Bad block listThe idea here is to maintain and store on each device a list of blocks that are known to be 'bad'. This effectively allows us to fail a single block rather than a whole device when we get a media write error. Of course if updating the bad-block-list gives an error we then have to fail the device.
We would also record a bad block if we get a read error on a degraded array. This would e.g. allow recovery for a degraded raid1 where the sole remaining device has a bad block.
An array could have multiple errors on different devices and just those stripes would be considered to be "degraded". As long a no single stripe had too many bad blocks, the data would still be safe. Naturally as soon as you get one bad block, the array becomes susceptible to data loss on a single device failure, so it wouldn't be advisable to run with non-empty badblock lists for an extended length of time, However it might provide breathing space until drive replacement can be achieved.
hot-device-replaceThis is probably the most asked for feature of late. It would allow a device to be 'recovered' while the original was still in service. So instead of failing out a device and adding a spare, you can add the spare, build the data onto it, then fail out the device.
This meshes well with the bad block list. When we find a bad block, we start a hot-replace onto a spare (if one exists). If sleeping bad blocks are discovered during the hot-replace process, we don't lose the data unless we find two bad blocks in the same stripe. And then we just lose data in that stripe.
Recording in the metadata that a hot-replace was happening might be a little tricky, so it could be that if you reboot in the middle, you would have to restart from the beginning. Similarly there would be no 'intent' bitmap involved for this resync.
Each personality would have to implement much of this independently, effectively providing a mini raid1 implementation. It would be very minimal without e.g. read balancing or write-behind etc.
There would be no point implementing this in raid1. Just raid456 and raid10. It could conceivably make sense for raid0 and linear, but that is very unlikely to be implemented.
split-mirrorThis is really a function of mdadm rather than md. It is already quite possible to break a mirror into two separate single-device arrays. However it is a sufficiently common operation that it is probably making it very easy to do with mdadm. I'm thinking something like
raid5->raid6 conversion.This is also a fairly commonly asked for feature. The first step would be to define a raid6 layout where the Q block was not rotated around the devices but was always on the last device. Then we could change a raid5 to a singly-degraded raid6 without moving any data.
The next step would be to implement in-place restriping. This involves
- freezing a section of the array (all IO blocks)
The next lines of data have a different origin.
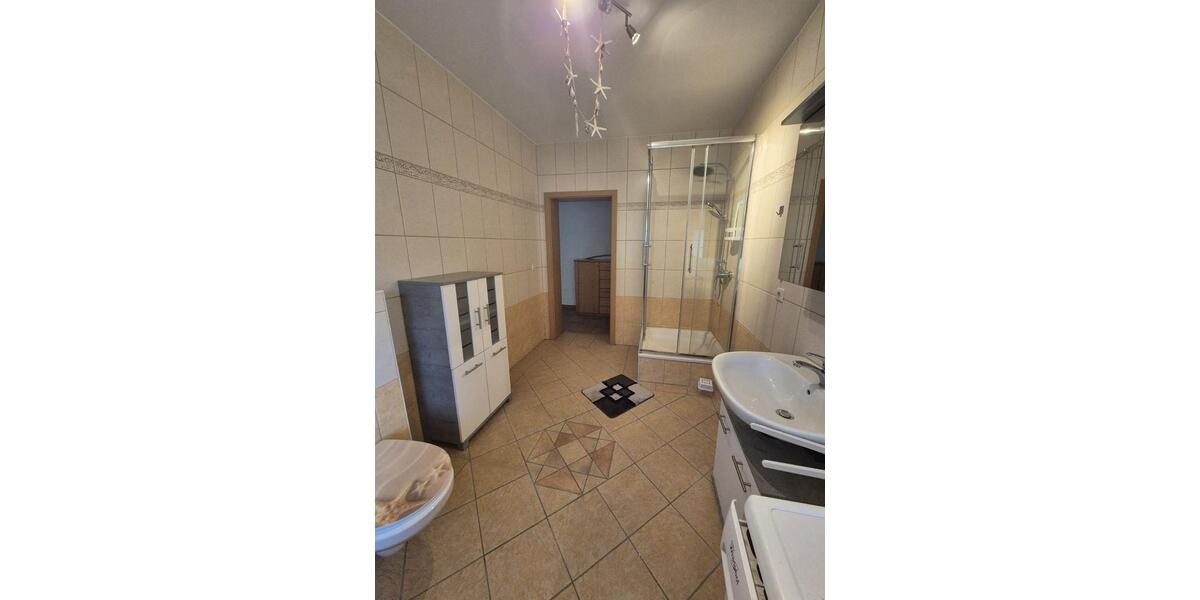 Etagenwohnung Mühlau - 1 Zimmer, 97 m&sup2;, 490&euro; | Angebot:24975410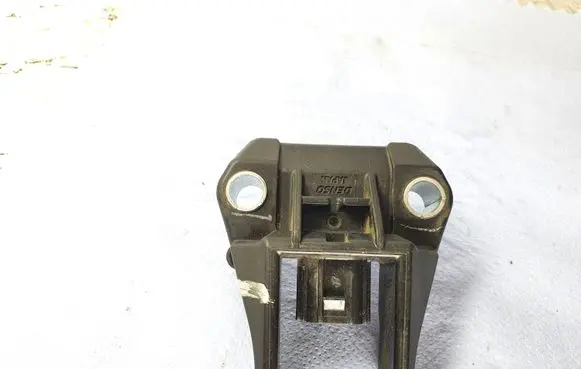 Subaru Legacy Airbag deployment crash/impact sensor 98231AG020 7608197F8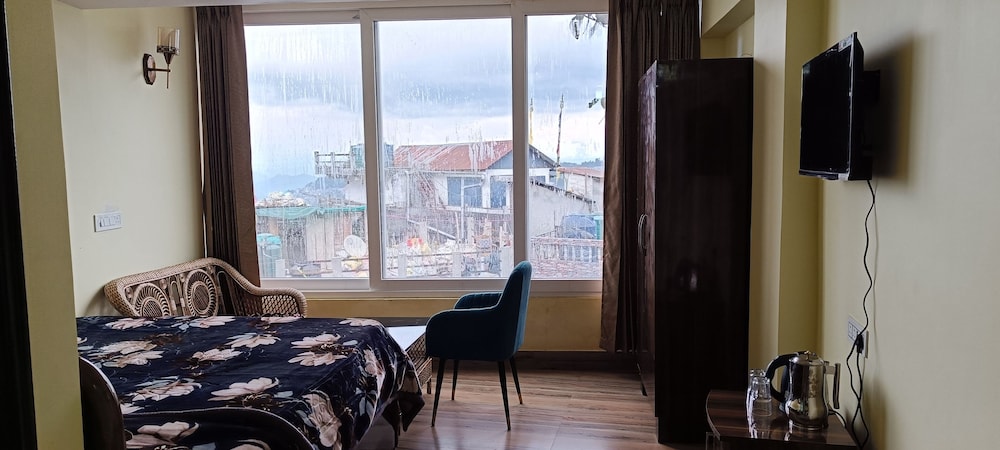 himalayan haveli fooding and lodging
- copying the data out to a safe backup
- copying it back in with the new layout
- updating the metadata to indicate that the restripe has progressed.
This would probably be quite slow but it would achieve the desired result.
Once we have in-place restriping we could change chunksize as well.
raid5 reduce number of devices.We can currently restripe a raid5 (or 6) over a larger number of devices but not over a smaller number of devices. That means you cannot undo an increase that you didn't want.
It might be nice to allow this to happen at the same time as increasing --size (if the devices are big enough) to allow the array to be restriped without changing the available space.
cluster raid1Allow a raid1 to be assembled on multiple hosts that share some drives, so a cluster filesystem (e.g. ocfs2) can be run over it. It requires co-ordination to handle failure events and resync/recovery. Most of this would probably be done in userspace.
Support for 'discard' commandsFlash-based devices and home high-end storage devices that provide "thin provisioning" like to know when parts of the device are not needed any more so they can optimise their behaviour. File systems are starting to add the functionality of sending this information to the block device using a "discard" command. It might be useful for md to make use of this.
md would need to keep a data structure (bitmap?) listing sections of the array that have been discarded. Initially this might be the whole array. When there is a write to a discarded section, it would need to be resynced and then the write allowed to complete. A read from a discarded section is probably an error - maybe just return nuls. When md decides it can discard part of the array, it tells the component devices that they can discard some data too. When the filesystem tells md it can discard part of the array, we might have a problem.
If the discard request is smaller than the granularity that md is using, then we would need to ignore it. So this would only really work if there was some guaranteed lower lower bound on granularity that was small enough for md to work with, or the filesystem would need to do aggregating and always send the largest 'discard' that it can. I'm not sure if they will do that, or to what extent.
If md was to maintain a granularity of sectors then a 16TB array (not at all unrealistic these days) would require 32billion bits to map what is in use. That is 4 billion bytes or 4Gigabytes - maybe a bit excessive. If we could rely on the filesystem arounding up to at least 1 megabyte (aligned) then only 4Meg of bitmap would be needed which is a little more realistic.